I study the stress or heat shock protein response, which is a highly conserved reaction to physical trauma and metabolic stress in most cells and organisms. It is a key feature of the way stressed or damaged cells and tissues can mitigate damage, retain or restore normal function, and even become more resistant to future stresses. The group of proteins that are part of this response are commonly referred to as heat shock proteins (Hsps). Because neurons are difficult to replace, this response is very important in the nervous system.

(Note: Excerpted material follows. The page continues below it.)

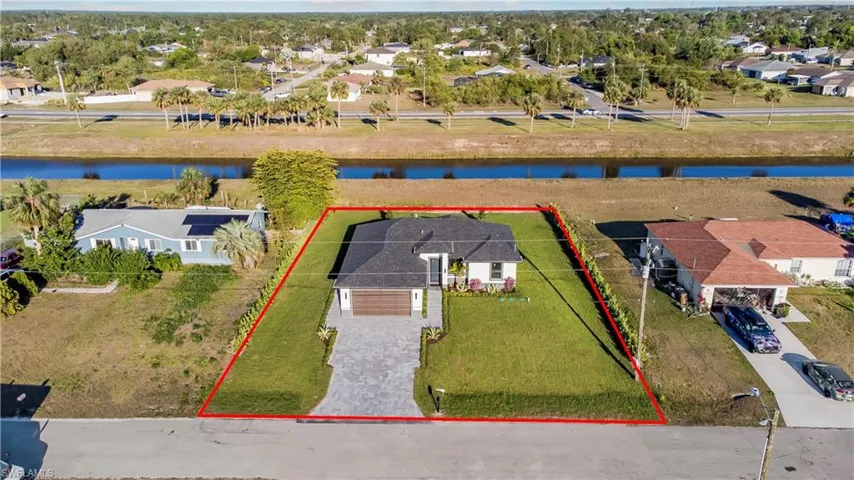 Aerial view with a residential view and a water view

My collaborators and I have shown that some isoforms of the 70 kiloDalton Hsp (Hsp70) have potential as therapeutic agents that can rescue injured neurons and other cells.

About Me 

I investigate how cells protect themselves from physical trauma and metabolic stress, especially in the nervous system. My research has focused on understanding the role of a highly conserved family of proteins, commonly referred to as heat shock proteins or Hsps, in making cells more resistant to injury or promote their survival injury. Over more than 30 years, I and collaborators at Wake Forest and elsewhere have documented that one of the more abundant of the Hsps, called Hsp70, can be used as a therapeutic agent to rescue damaged retinal and neural cells. We now understand that the cytoprotective activity of Hsp70 results from its ability to keep other cellular proteins properly folded and to modulate the immune response.

I have also been involved in graduate student professional training. I contributed to the development of classes in research ethics and to an internship program for Ph.D. and M.S. students to gain work experience beyond the conventional lab bench research.